The purpose of mining

That’s all well and good but you may be wondering, what exactly are the kind of math problems computers are computing? Is it merely random formulas to aid in the control and inflation rate of new bitcoins being added to the market? This leads me to my favorite part of how cryptocurrency works. Computers are not just mindlessly working hard, burning energy for the sake of it. It’s actually providing a useful service. In fact, it’s vital to how it all works. In the blockchain section above, I use a simple transaction history involving Bob and Susan. But what happens when you have thousands of people making millions of transactions between each other? All of these transactions are happening practically independent of each other at nearly the same time. Remember, each cryptocurrency, e.g. Bitcoin and Ethereum have one single blockchain that comprises of every transaction ever made. Sorting and validating each transaction and bundling it into a sequential historical document gets complicated really fast. And unlike a centralized model like a bank where you only have one ledger, you want to leverage multiple sources all coming up with the same result, e.g. a web of trust. Without knowing the actual math involved in sorting and validating, you can imagine it quickly becomes too much for your head and then again it becomes too much for your old, slow tablet, and eventually even too much for your shiny new desktop computer. The more transactions that are made, the harder the computing becomes and the more resources we need. This is the purity of it all as, by design, it is better than the sum of its parts.
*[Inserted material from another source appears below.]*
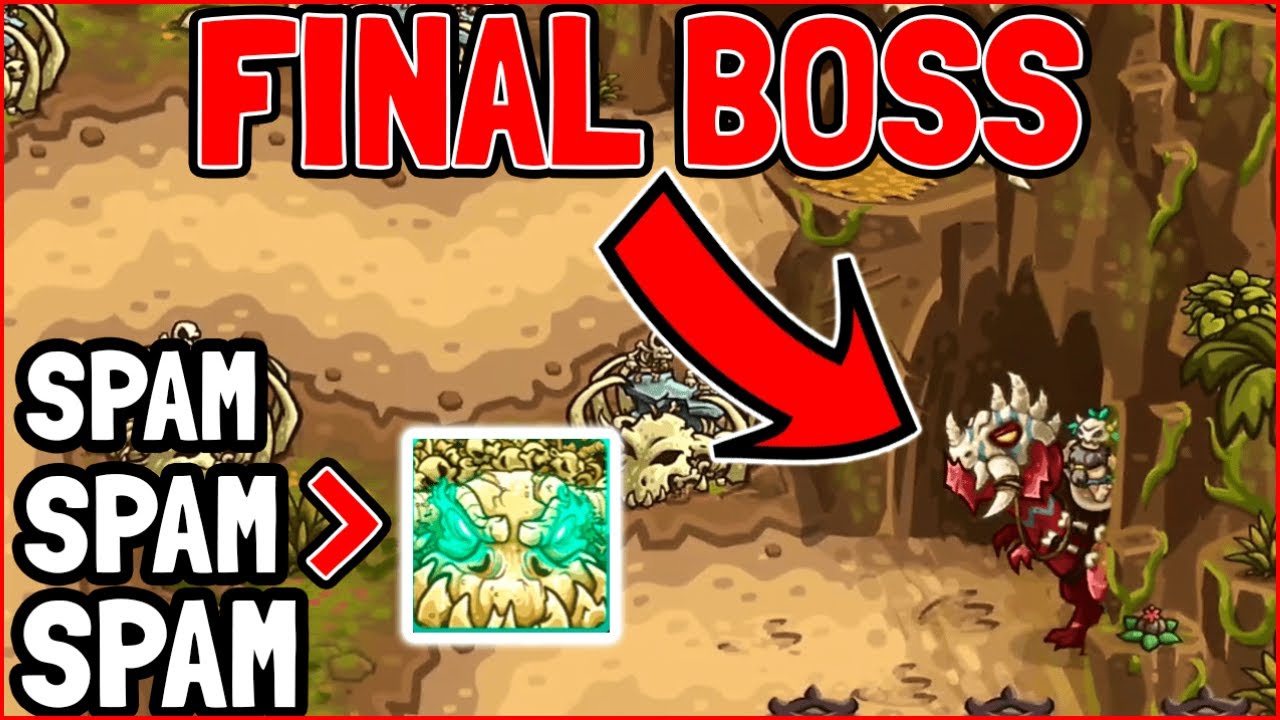 How To Defeat The Final Boss On IMPOSSIBLE - Kingdom Rush Vengeance - The original world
Same problem, new solution

One thing I would really like to reiterate here is that Bitcoin and other cryptocurrencies are not any less real than USD or gold. The value of all three is “imaginary” only made real by the collective buy-in from enough people, AKA adoption. What separates cryptocurrency from other currencies we use today is the adoption rate. Will cryptocurrency surpass the next few thresholds needed for indisputable legitimacy? What will it take? Which cryptocurrencies will win? More on this in Part 3. But before we go there, we have to wrap up a few more concepts. Namely, what the heck is a wallet, what are exchanges used for, and how do transactions actually work behind the scenes. All of this is described in Part 2

If you are looking for advice on which cryptocurrency you should invest in, this site doesn’t provide any opinion on any particular option. Sure, I am a cryptocurrency optimist. I see a lot of value in not just day to day money handling, but also disruption potential in all forms of trade, supply chain, identification, and even voting. However, the goal of this site is to teach you what exists presently rather than to speculate on the future.

[1] balances are never really stored. Since you have the entire history of every transaction ever made, your balance instead is determined by summing up all transactions you made in both receiving and sending.